Santa Rosalia had just beautiful calm seas the whole week, with still high temperatures, but low humidity. Air temperatures were in the mid 70s during the morning hours, with 90s during the daylight hours. There was little to no wind present, from the northwest and flat seas. Water temperatures are still very hot at 84-86 degrees at Santa Rosalia, with visibility around inshore and San Marcos island at 20-30 feet with greenish in color, offshore visibility 40-60 feet and blue.
With Autumn upon us, people are already starting to return to the Santa Rosalia area. Part time residents Jim and Marika Anderson, as well Bill and Julie Westendorff, and even the lagoon side crew of Wink, Uncle Bob and their wives, have retuned for the fall and winter season. It's great to have some people back on the fishing water around here. It's been kind of lonely these last few months and in the next few weeks more part timers will be showing up.
I even had a sportfishing charter this week, the first one in some time.
Before I took my charter, I did fish on my birthday Sept. 20th. Not going with my regular bait making plan of making going 5 extra miles to the Santa Rosalia marina for bait, I decided to try the San Lucas cove area.
The time spent running around to different spots looking for bait and NOT getting them was a total bust and it would have made all the difference going an extra 5 miles and catch all the bait you'd ever need without moving and before it even gets light out, putting you on the fishing grounds before sunrise. Never again! It was kind of hard to figure out whether or not any fish were on the bajos. With only 3 baits in the tank and with no iron strikes I will never know.

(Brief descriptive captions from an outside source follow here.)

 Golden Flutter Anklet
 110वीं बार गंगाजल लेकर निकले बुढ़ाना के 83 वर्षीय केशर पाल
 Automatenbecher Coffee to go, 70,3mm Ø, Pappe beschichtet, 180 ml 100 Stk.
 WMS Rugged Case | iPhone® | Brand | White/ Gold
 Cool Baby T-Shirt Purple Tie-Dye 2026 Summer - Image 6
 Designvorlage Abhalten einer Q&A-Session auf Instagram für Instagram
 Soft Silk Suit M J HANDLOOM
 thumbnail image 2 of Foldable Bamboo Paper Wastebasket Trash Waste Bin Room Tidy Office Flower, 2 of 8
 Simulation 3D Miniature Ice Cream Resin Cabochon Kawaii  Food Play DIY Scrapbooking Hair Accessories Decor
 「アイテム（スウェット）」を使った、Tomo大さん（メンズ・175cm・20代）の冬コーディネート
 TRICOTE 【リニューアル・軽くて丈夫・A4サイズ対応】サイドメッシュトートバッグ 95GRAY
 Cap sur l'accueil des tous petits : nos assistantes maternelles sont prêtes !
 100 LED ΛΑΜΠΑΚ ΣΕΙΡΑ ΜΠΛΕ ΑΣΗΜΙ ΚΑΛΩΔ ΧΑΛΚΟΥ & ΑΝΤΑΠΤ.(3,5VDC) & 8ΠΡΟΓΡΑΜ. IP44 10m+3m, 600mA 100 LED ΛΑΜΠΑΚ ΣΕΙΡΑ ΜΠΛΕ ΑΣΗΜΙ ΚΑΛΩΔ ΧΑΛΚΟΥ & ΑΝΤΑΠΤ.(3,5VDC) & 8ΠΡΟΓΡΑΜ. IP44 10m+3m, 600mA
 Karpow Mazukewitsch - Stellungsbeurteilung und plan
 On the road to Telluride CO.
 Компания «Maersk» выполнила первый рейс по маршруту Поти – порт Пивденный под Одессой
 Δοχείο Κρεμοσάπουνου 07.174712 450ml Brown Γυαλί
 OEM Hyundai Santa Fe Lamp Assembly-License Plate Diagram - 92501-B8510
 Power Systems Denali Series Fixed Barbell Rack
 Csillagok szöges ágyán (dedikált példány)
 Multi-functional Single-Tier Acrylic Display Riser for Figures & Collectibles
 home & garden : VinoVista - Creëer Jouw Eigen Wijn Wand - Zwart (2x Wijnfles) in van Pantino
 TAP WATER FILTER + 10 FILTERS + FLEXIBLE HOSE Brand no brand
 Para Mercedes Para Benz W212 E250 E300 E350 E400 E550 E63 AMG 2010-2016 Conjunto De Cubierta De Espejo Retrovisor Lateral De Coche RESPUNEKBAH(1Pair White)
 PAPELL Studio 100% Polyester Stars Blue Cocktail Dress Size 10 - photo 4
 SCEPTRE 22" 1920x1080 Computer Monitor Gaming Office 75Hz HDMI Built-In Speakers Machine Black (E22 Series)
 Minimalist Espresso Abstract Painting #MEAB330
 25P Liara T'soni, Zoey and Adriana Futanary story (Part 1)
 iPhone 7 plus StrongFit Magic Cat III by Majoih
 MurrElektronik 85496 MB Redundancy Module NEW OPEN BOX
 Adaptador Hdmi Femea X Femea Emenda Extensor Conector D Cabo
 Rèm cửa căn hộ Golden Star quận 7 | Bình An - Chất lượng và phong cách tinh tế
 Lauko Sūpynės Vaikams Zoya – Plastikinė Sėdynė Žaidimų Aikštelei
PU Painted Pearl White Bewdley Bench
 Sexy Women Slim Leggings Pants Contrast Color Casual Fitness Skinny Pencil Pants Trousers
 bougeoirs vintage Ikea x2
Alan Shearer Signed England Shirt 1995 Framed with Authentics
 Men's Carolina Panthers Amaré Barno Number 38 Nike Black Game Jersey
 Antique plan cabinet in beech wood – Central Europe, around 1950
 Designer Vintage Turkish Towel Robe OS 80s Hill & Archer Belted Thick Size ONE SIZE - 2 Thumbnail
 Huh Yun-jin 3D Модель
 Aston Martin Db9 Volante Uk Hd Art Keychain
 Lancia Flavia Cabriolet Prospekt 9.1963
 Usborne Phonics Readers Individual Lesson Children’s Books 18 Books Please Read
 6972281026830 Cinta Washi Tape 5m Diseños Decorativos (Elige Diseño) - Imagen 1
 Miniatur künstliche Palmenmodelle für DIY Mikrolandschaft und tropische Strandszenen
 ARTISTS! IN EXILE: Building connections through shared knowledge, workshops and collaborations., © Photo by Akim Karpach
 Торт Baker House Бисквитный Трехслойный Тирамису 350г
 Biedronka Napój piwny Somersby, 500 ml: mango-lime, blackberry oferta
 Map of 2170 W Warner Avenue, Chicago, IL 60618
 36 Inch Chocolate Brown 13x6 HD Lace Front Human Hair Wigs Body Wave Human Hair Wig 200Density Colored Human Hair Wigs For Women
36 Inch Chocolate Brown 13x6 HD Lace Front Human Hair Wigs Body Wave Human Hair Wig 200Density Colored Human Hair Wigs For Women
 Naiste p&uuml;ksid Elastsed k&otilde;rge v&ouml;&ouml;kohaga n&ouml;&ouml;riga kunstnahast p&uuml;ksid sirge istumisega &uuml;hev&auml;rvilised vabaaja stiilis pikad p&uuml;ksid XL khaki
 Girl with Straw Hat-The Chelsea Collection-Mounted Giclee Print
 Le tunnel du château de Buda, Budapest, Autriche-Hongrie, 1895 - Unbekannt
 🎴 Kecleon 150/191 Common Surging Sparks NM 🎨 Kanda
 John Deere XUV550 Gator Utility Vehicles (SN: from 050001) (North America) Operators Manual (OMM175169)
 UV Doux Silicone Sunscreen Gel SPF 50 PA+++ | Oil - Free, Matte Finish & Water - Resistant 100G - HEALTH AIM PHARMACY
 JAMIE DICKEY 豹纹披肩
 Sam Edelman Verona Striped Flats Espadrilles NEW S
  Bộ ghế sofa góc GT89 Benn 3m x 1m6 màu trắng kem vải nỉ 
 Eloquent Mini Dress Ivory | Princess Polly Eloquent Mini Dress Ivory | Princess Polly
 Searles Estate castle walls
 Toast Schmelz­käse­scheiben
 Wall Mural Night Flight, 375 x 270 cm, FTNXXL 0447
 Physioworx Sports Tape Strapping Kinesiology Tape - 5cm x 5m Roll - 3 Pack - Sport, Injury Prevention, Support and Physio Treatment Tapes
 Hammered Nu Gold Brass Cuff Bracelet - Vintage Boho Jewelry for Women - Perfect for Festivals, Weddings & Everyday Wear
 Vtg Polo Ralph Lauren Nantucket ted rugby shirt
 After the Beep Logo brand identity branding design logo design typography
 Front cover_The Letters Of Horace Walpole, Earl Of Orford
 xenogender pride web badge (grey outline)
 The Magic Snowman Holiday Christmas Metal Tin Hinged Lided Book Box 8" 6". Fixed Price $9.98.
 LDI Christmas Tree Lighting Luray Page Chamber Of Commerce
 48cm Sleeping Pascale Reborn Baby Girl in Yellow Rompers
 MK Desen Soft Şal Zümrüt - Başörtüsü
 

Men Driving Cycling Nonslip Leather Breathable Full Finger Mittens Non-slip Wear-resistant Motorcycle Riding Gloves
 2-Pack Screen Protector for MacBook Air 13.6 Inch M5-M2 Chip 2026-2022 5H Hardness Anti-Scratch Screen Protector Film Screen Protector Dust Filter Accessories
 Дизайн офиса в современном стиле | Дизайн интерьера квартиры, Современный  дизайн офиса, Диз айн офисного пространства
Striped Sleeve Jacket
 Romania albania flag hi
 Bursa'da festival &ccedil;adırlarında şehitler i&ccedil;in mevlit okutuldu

But yesterday I fished with George and Carol Wade of Orange, Calif. We started with a 5:00 pickup at the trailer park and, yes, made the run up to Santa Rosalia marina entrance for bait. We made 30 pieces in about 20 minutes.
Still dark, we ran for Tortuga island and got there just a little after sunrise.
The rule of thumb is when you are on the fishing grounds at this time it assures one of not missing any early bites. The first plan of the fishing morning was to try and catch some dinner fish and then later in the morning take advantage of all the sailfish that I saw out there last week.
We made few drops at known grouper and yellowtail spots and picked up two really nice sawtail grouper of 17-25 plus pounds! There's dinner in the box.
No yellows seemed to be around, so with the arrival of Wild Bill and Julie along with the Moosea boat of Jim and Marika which was already slow trolling live bigeyes for sails, we decided to follow suit.
It took about 15 minutes and had a double take, hooking one sail and missing the other! The hooked fish was battled to boat side and released in great shape by Carol Wade.
Back on the slow troll, another 15 minutes go by, and both rods go off. The sailfish are in abundance out there with about a 5 fish an hour ratio. Hard to beat that. We fished about 2 hours with three released fish, some missed strikes and few jumped off.
After that we decided to troll a few miles off the island for a chance of dorado on small jet heads and we picked up a few small eaters and released a few too.
All in all a good day of fishing and with the Santa Rosalia fishing season changing fast, things will only get better. Yellowtail should be coming soon.
I will be making a special long range trip to the remote Isla San Pedro Martir in the following weeks, most likely during early October and I will inform.